The MEA set-up is used as a noninvasive method for monitoring spontaneous and evoked activity (spikes) as a change in the electrical potential of the intercellular space surrounding the cell. Spikes are a particular class of electrophysiological signals that depend on the excitably characteristics of cells and on their nature to generate Action Potentials (APs); APs base on the depolarization and repolarization of cell membranes due to ions flux (Ca+, K+ and Cl-).
Every treatments that alter the ability of membrane to exchange ions reflect on the electrical activity of the cells, thus on the signals recordable. A typical setup for MEA recording is based on metal microelectrodes fabricated on a planar chip, discrete-element preamplifiers located close to the MEA device and a multi-wire cable that conducts the pre-amplified analog signals to a data acquisition card.
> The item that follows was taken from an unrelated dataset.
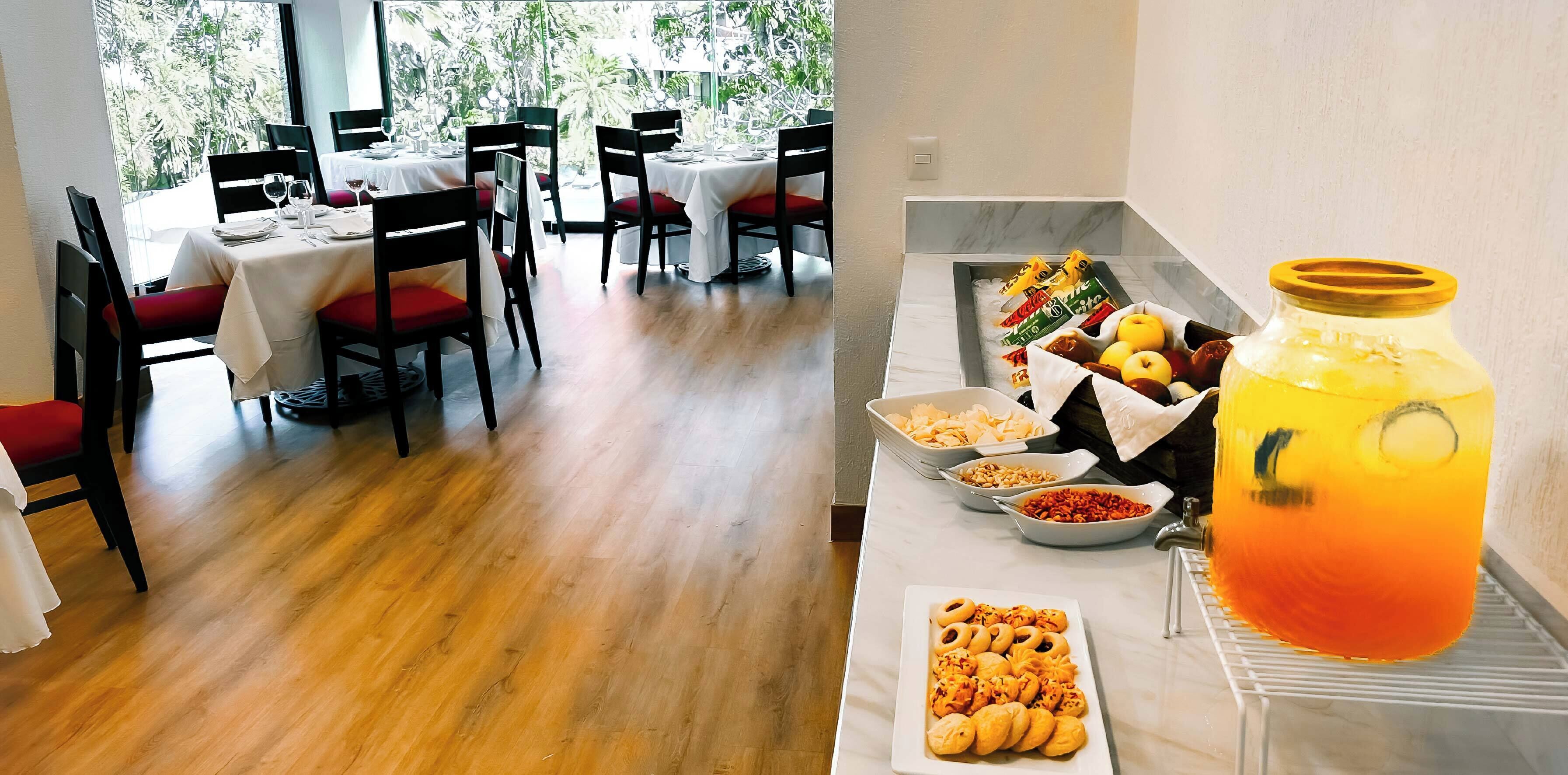 Comedor con mesas dispuestas para cuatro, sillas con cojines rojos y un bufé con diversas opciones de comida y un gran jarro de bebida de naranja.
We have already reported (Masi et al. 2009, PNAS 106:4048-4053) time recordings of single-unit spike activity with MEAs in acute slice of Zea mays L. root apex. Extracellular electrical activity (spikes) can be recorded simultaneously from 60 electrodes (30 μm diameter) with high spatial and temporal resolution. The nature of spike shapes has been studied on each MEA electrodes (200 μm interelectrode spacing).
This new technique allows us to map functionally discrete regions of the root and to observe the space-time relationships and the spontaneous electrical activity of the root apex both in normal condition and in response to stress (drug treatment, gravistimulation, heat, electrical stimulation etc). Synchronous events and the propagation of signals can also be investigated.